Reputation: 1073
DELIMITER $$
CREATE PROCEDURE Load_Fact_List()
BEGIN
DECLARE Project_Number_Temp INT;
DECLARE Panel_Id_Temp INT;
DECLARE Employee_Id_Temp INT;
DECLARE Zip_Temp VARCHAR(255);
DECLARE Created_Date_Temp DATE;
DECLARE Country_Temp VARCHAR(255);
DECLARE no_more_rows BOOLEAN;
DECLARE loop_cntr INT DEFAULT 0;
DECLARE num_rows INT DEFAULT 0;
DECLARE load_cur CURSOR FOR
SELECT Project_Id, Panel_Id, Employee_Id, Zip, Created_Date
FROM Fact_List;
DECLARE CONTINUE HANDLER FOR NOT FOUND
SET no_more_rows = TRUE;
OPEN load_cur;
select FOUND_ROWS() into num_rows;
the_loop: LOOP
FETCH load_cur
INTO Project_Number_Temp, Panel_Id_Temp, Employee_Id_Temp, Zip_Temp, Created_Date_Temp;
IF no_more_rows THEN
CLOSE load_cur;
LEAVE the_loop;
END IF;
SET Country_Temp= (select Country from Zip where Zip= Zip_Temp);
INSERT INTO Test_Fact
(
Project_Key,
Campaign_Key,
Respondents_Key,
Event_Key,
Employee_Key,
Geography_Key,
Date_Key
)
SELECT (SELECT Project_Key from Project_Dim where Project_Id= Project_Number_Temp AND Quota_Country= Country_Temp),0,(SELECT MAX(Respondents_Key) from Respondents_Dim WHERE Panel_Id= Panel_Id_Temp),1,(select MAX(Employee_Key) from Employee_Dim WHERE Employee_Id= Employee_Id_Temp),(Select Geography_Key from Geography_Dim where Zip= Zip_Temp), (Select Date_Key from Date_Dim where Full_Date= Created_Date_Temp);
SET loop_cntr = loop_cntr + 1;
END LOOP the_loop;
select num_rows, loop_cntr;
END $$
The above code is properly working but it is damn slow.

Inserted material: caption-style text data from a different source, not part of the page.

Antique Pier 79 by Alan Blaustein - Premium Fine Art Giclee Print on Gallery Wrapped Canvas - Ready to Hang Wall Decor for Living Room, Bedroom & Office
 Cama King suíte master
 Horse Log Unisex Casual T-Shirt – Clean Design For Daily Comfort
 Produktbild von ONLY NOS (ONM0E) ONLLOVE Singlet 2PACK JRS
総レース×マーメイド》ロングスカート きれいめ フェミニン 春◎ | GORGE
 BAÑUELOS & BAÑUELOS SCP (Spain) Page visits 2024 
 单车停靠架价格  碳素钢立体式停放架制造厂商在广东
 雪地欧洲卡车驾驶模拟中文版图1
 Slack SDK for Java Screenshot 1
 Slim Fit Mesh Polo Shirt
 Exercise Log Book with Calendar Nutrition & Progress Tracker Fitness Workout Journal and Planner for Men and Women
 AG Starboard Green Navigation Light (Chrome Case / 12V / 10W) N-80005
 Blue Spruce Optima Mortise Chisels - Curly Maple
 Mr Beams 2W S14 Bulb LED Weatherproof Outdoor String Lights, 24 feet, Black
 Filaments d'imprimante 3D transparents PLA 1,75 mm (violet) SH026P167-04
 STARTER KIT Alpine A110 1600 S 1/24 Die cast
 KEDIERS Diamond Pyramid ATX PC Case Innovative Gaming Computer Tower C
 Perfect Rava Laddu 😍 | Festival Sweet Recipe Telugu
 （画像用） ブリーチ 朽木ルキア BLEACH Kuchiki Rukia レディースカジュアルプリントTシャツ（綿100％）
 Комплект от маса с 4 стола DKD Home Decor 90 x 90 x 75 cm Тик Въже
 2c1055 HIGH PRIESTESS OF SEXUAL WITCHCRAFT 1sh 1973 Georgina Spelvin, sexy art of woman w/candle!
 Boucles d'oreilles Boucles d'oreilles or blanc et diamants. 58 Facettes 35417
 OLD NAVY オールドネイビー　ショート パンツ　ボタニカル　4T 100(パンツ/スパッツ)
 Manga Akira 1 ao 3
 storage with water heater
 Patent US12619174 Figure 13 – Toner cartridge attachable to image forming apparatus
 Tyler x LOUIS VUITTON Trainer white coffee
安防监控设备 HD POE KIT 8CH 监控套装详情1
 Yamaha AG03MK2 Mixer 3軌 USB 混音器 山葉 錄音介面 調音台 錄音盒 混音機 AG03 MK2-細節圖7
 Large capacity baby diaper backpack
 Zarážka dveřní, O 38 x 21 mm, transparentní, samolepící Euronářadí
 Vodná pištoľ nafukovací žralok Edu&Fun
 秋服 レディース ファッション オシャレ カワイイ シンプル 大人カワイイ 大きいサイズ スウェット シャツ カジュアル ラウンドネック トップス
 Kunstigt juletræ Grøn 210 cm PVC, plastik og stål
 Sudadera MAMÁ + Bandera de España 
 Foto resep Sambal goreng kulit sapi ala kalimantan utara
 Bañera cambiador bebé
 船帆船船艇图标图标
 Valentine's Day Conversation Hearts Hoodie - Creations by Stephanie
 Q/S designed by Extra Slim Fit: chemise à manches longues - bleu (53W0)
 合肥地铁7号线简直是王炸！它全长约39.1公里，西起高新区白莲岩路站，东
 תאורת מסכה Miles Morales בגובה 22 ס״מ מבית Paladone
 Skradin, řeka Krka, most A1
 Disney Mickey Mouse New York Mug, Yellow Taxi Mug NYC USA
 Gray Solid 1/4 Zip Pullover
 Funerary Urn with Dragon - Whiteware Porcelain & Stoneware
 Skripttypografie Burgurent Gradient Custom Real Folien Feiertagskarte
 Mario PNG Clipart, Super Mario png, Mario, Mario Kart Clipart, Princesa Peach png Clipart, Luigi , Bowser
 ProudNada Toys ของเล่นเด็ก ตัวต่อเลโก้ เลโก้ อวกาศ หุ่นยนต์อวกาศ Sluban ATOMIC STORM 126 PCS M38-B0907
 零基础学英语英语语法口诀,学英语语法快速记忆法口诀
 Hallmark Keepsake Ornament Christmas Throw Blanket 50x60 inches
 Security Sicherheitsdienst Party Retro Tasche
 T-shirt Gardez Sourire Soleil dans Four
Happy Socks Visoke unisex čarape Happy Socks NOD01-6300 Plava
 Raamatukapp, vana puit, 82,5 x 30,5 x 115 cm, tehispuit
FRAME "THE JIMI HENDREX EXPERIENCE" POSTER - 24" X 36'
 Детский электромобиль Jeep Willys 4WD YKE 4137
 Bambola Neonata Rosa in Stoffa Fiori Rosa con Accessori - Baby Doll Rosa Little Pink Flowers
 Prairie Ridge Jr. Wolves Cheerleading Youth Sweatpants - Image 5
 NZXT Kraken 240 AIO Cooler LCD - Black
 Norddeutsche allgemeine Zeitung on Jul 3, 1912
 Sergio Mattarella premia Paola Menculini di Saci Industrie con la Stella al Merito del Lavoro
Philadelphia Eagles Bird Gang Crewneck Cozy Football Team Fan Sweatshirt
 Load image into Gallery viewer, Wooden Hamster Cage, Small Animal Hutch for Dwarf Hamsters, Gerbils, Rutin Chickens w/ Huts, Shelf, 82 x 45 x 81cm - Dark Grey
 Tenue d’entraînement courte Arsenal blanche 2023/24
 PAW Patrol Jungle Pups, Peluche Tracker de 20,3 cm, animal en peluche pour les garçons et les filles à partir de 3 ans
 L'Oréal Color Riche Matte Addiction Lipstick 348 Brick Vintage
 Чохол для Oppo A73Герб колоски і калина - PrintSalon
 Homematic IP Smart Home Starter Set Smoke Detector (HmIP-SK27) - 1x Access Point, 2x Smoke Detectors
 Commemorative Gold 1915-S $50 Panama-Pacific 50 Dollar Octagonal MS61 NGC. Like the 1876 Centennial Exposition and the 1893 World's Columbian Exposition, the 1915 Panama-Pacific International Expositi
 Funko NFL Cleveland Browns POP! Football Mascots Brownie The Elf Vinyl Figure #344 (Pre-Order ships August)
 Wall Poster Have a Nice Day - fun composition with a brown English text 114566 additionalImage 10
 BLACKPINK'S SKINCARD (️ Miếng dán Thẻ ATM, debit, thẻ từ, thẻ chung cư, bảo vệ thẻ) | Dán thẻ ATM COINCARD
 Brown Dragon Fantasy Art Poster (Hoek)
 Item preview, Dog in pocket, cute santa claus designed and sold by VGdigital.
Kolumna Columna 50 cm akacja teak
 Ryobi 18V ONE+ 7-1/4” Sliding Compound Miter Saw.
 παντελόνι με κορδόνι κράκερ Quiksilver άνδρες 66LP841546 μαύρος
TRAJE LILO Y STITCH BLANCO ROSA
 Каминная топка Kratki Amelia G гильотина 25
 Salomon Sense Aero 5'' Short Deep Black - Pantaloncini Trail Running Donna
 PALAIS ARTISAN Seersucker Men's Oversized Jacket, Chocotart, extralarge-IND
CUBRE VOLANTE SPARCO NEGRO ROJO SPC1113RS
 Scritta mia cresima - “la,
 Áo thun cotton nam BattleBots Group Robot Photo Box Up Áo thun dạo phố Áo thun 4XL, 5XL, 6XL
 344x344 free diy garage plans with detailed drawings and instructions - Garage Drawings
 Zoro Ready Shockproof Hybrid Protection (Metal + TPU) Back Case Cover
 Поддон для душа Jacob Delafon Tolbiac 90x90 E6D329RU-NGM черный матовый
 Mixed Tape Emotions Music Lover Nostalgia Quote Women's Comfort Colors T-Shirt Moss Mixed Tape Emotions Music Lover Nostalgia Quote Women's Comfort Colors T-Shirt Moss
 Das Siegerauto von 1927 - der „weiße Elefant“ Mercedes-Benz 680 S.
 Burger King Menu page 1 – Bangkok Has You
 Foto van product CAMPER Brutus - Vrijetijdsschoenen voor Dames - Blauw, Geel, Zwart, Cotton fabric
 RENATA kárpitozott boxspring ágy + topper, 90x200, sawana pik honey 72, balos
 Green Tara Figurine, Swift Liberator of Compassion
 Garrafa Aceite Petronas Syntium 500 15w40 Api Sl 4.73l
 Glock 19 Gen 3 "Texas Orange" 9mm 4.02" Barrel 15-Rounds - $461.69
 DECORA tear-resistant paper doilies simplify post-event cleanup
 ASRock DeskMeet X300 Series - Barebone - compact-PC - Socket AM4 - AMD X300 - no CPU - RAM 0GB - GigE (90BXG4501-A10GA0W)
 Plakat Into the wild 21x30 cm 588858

For every 1 hour it is loading 1000 records. I got lacks of records to load into fact table. can anyone suggest me any optimization?
Requirement is to load fact table by looping through other table and gathering required key values from dimension tables.
Upvotes: 0
Views: 148
Reputation: 51868
The usual procedure is actually like this.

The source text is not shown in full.